In GPS News Edition 142, an article about the newly released Born Free Report featured and, as with any controversial topic, GPS News Editor Kemp received comments that the article was one-sided and not objective. With this article, we hope to report objectively on the other side of trophy hunting and conservation.
According to Adri Kitshoff-Botha, the CEO of Wildlife Ranching South Africa, it is unfortunate if people do not realise the value of hunting as a wildlife management tool.
In the article on the released Born Free Report, the report authors stated that trophy hunting is detrimental and many species are in decline. WRSA and the Professional Hunters Association of South Africa (PHASA), disagrees with the statement. “On the contrary, our country’s wildlife conservation success within our unique model of private ownership and wildlife management, with hunting as a management tool, is being acknowledged worldwide and has progressed remarkably over decades,” said Adri Kitshoff-Botha. “White rhino, bontebok, Cape mountain zebra and black wildebeest are a few wildlife species which were saved from extinction, because of our country’s model, whereas wildlife populations are declining in countries where sustainable utilisation is not allowed, such as in Kenya, where hunting was banned in the mid-’70s.
The report continued to say that the local communities do not benefit from trophy hunting. The opposite seems to be true if the statistics are taken into consideration. According to Dr Johan Rabie, owner of Chimoyo Game Ranch, buffalo breeder and Game Rancher of 2009, the following statistics* were used during a presentation at the WRSA Conference, 2019:
An average of 7,600 overseas trophy hunters per year generated an amount of R 5, 4 billion (US 341m), and creates 17 865 full-time jobs. The typical trophy hunter hunts 10 animals per trip and spends an average of 11, 67 nights in South Africa, while 70% extends their stay for an average of 2 to 3 nights. Moreover, 73% do not travel alone; an average of 2 companions of whom 1, 44 also hunts.
The supply of game meat to butcheries, supermarkets and such also contributes to the hunting income per year. According to Dr Johan Rabie, 200 000 biltong hunters in 2015 spent an average of R3795 on accommodation, R19 454 on animals hunted, R1 170 on day fees. This provided an average of R 24 419 per hunter per hunt. The market size: R 8, 55 Billion in 2015, denoting a 35% growth from the R6, 3 billion of 2013. An average of 8 animals hunted comprises of springbok (21%), impala (17%), warthog and blesbok (12% each) and kudu (8%). A total of 5061 game farms averaged an income of R 1 689 389.

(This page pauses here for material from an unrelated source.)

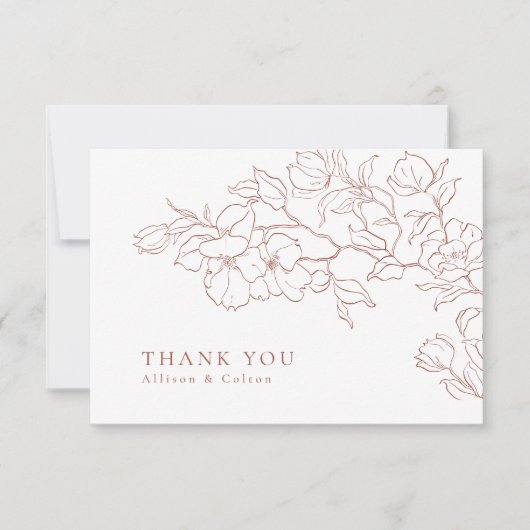 Elegant hand getrokken florale terracotta bruiloft bedankkaart (Voorkant)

It is a fact that breeding or managing animals to enhance trophy size is commonplace. For instance, the popularity of colour variants such as the golden wildebeest and black impala skyrocketed in 2000. Unfortunately, just 14 years later, the prices dropped precipitously. Adri pointed out that game breeding plays an important role to restore some traits such as horn lengths, which were lost over the past two centuries for various reasons. As in all economies, the economic principle of supply and demand is also applicable to wildlife.